The sidewalks in the Morrisburg Plaza continue to be a decaying concrete safety disaster and eyesore. Recent work to grind the high spots from the heaving concrete slabs has only exaggerated the situation. Work in 2023 to patch the crater-filled parking lot was only a stop-gap measure that a year later looks worse for wear. Some road markings were recently painted only because drivers were going the wrong way near the grocery store. The rest of the parking lot is a creative parking free-for-all for any drivers who dare to park there. In the centre promenade, the dilapidated clock tower remains unresolved, and a planned public washroom started eight years ago remains unopened.

The Iroquois plaza faces similar issues with parking, along with inadequate barriers protecting pedestrians from the angled parking spaces. The plaza also lacks a public washroom facility. This mirrors the absence of public washrooms in many of the parks in the village.

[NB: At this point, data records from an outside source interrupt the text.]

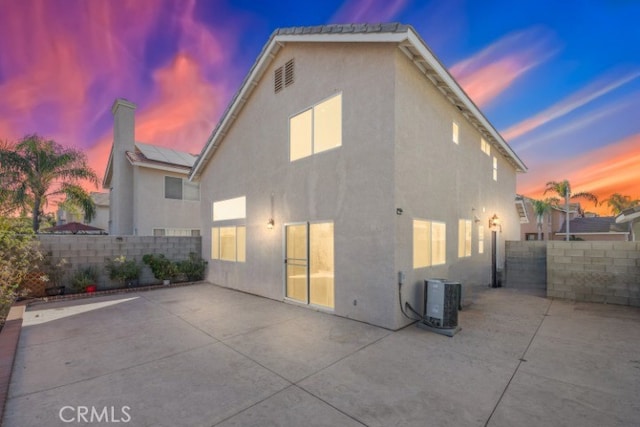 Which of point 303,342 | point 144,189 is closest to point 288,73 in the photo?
point 303,342

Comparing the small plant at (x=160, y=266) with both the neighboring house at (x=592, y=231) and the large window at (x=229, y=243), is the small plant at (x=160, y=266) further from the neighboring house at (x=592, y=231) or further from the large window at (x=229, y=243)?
the neighboring house at (x=592, y=231)

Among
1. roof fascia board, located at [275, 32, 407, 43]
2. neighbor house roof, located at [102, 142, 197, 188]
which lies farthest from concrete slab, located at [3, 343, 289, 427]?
neighbor house roof, located at [102, 142, 197, 188]

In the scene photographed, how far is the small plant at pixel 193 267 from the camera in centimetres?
1121

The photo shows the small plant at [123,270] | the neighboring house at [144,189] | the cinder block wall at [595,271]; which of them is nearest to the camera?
the cinder block wall at [595,271]

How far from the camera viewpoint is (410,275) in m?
6.02

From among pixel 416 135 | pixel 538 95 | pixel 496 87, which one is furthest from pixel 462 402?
pixel 538 95

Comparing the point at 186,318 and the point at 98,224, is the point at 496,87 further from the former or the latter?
the point at 98,224

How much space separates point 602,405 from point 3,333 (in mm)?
9413

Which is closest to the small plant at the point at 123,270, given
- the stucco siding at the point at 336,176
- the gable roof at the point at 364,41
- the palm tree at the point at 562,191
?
the stucco siding at the point at 336,176

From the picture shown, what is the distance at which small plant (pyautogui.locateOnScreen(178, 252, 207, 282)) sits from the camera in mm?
11211

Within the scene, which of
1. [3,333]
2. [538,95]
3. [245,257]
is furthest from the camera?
[538,95]

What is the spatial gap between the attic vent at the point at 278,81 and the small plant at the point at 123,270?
8018 mm

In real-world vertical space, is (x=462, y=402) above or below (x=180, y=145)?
below

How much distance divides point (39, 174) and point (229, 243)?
36.1 feet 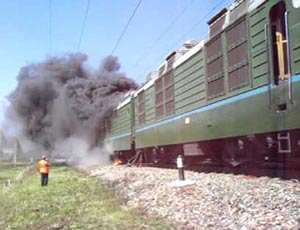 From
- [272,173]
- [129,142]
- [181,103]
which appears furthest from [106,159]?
[272,173]

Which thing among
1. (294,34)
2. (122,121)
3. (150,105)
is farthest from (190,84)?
(122,121)

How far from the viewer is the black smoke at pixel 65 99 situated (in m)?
36.0

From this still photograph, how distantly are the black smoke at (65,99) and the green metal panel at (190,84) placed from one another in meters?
17.7

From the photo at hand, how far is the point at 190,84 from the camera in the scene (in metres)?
14.0

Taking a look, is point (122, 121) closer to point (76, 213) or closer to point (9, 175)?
point (9, 175)

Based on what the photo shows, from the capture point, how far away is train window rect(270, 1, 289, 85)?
848cm

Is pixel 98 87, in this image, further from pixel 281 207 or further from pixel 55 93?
pixel 281 207

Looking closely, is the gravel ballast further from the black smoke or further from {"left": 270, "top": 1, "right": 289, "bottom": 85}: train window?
the black smoke

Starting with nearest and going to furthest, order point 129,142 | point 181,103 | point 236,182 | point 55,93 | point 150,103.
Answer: point 236,182 → point 181,103 → point 150,103 → point 129,142 → point 55,93

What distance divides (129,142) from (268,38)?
16107 mm

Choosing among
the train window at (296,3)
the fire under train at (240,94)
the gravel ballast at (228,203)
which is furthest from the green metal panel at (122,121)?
the train window at (296,3)

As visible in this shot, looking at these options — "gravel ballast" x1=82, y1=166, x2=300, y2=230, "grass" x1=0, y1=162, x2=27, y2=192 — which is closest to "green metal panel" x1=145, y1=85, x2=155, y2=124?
"grass" x1=0, y1=162, x2=27, y2=192

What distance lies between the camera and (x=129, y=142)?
24.3 m

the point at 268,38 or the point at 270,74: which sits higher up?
the point at 268,38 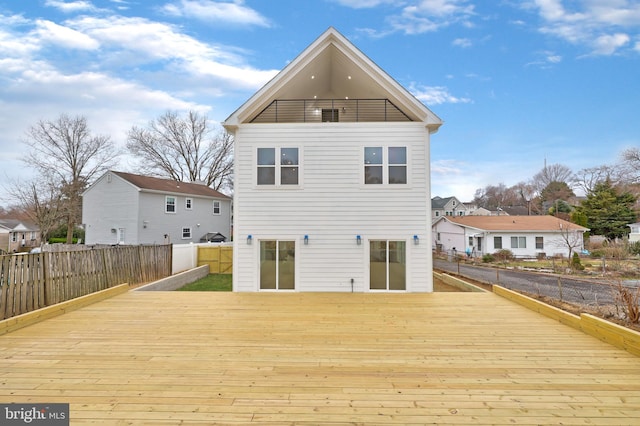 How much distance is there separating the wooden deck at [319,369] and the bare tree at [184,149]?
28.3 m

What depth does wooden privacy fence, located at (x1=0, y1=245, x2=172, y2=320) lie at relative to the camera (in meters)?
5.60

Across all the villages that make up South Dundas, there is deteriorating asphalt on streets, crumbling or non-existent sidewalks, and overgrown ditches filled with noxious weeds. South Dundas owns property at Iroquois Point adjacent to the SLSMC and Ontario Power Generation lands. These properties are also overgrown with sumacs and generally unkempt. If South Dundas council is going to go down the road of publicly shaming the SLSMC, should not the municipality have its own house in order first?

This issue has also been fodder for local MP Eric Duncan, who has taken to social media with another partisan rallying cry to score political points. That is unwarranted, as the SLSMC receives no federal funding and operates at arm’s length from any federal department. The corporation is self-funding, as per the management agreement that was renewed by then-Conservative Prime Minister Stephen Harper. All maintenance and operations are funded through the tolls and operations of the Seaway. Bellowing on social media for the federal government to fix the problem shows a lack of understanding of who the key players are and how operations are funded.

A very recent look at the Iroquois Locks shows progress already from the SLSMC, with signage replaced, benches repaired, and some weeds cut—progress at least. English poet Geoffrey Chaucer wrote that those who live in glass houses should not throw stones. South Dundas and federal politicians should put their stones down and get to work.